Once control of a self-sustaining nuclear chain reaction became a probability, other scientific disciplines were brought into the pile project. Joining the team of physicists were chemists -- including Seaborg and Frank Spedding -- biologists, engineers, metallurgists, chemical engineers and health researchers. Compton hired one of his protégés, Norman Hilberry, as administrative assistant to, among other duties, receive "all kicks intended for the project leader, and carry through all the unpleasant tasks from which the project leader wants to escape."

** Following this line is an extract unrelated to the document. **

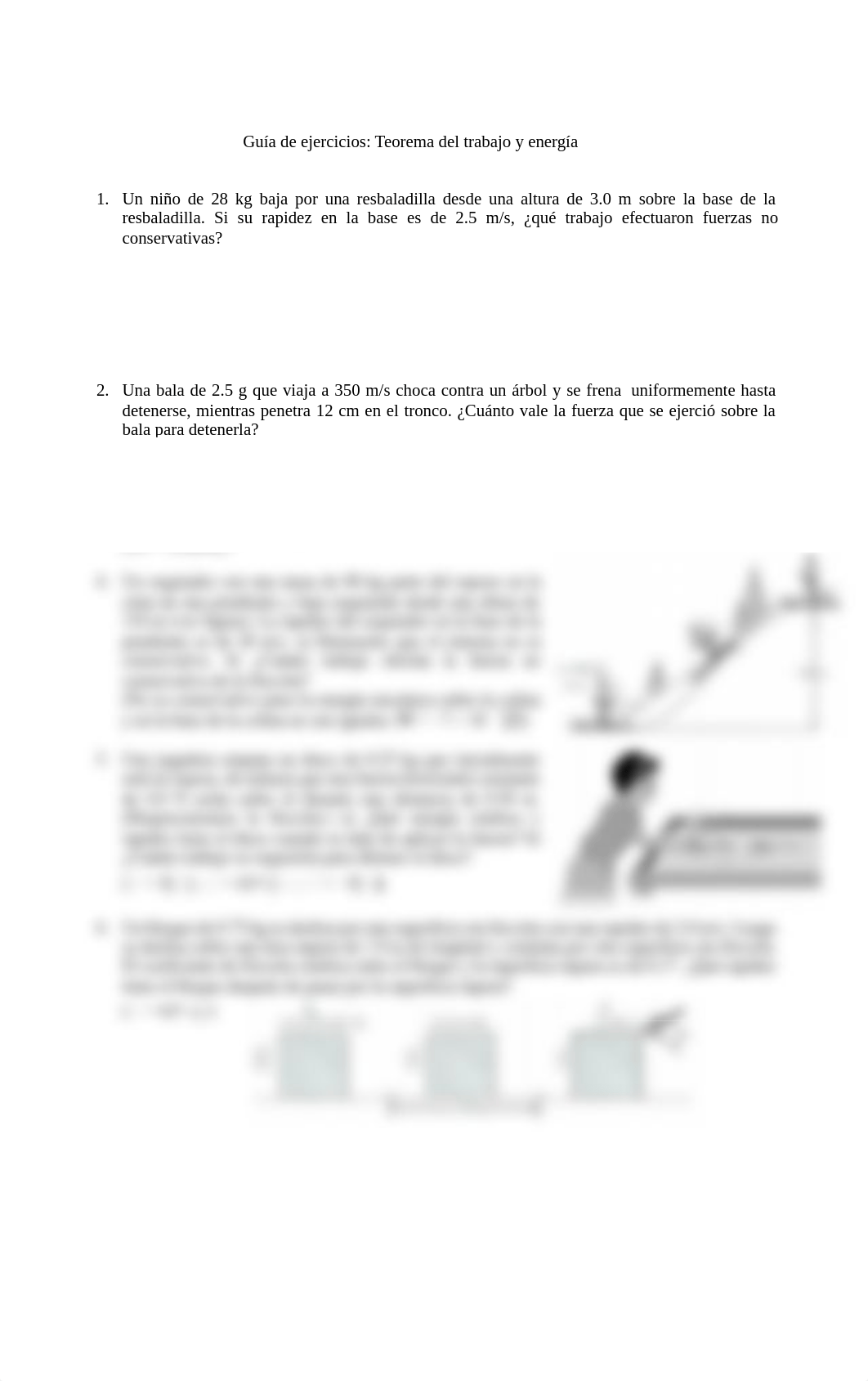 Ejercicios - Teorema Trabajo Energía.pdf_d2aezp3gkgb_page1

The search for a safe and adequate site for the pilot plant led Compton to the Palos Hills Forest Preserve, nearly 30 miles southwest of Chicago. A 1,000-acre tract in the Argonne Forest area of the preserve was deemed appropriate -- it was named Site A. Because of construction difficulties, however, it was impossible to build experimental piles there. Work on the first man-made atomic reactor was conducted at the University of Chicago. Space was found under the unused football stands of Stagg Field, in a converted squash-racquets court (the Soviets would later translate its name to "pumpkin field"). On everyone's mind was Germany's leadership in neutron research -- and the need for utter secrecy. The race for the bomb had been joined.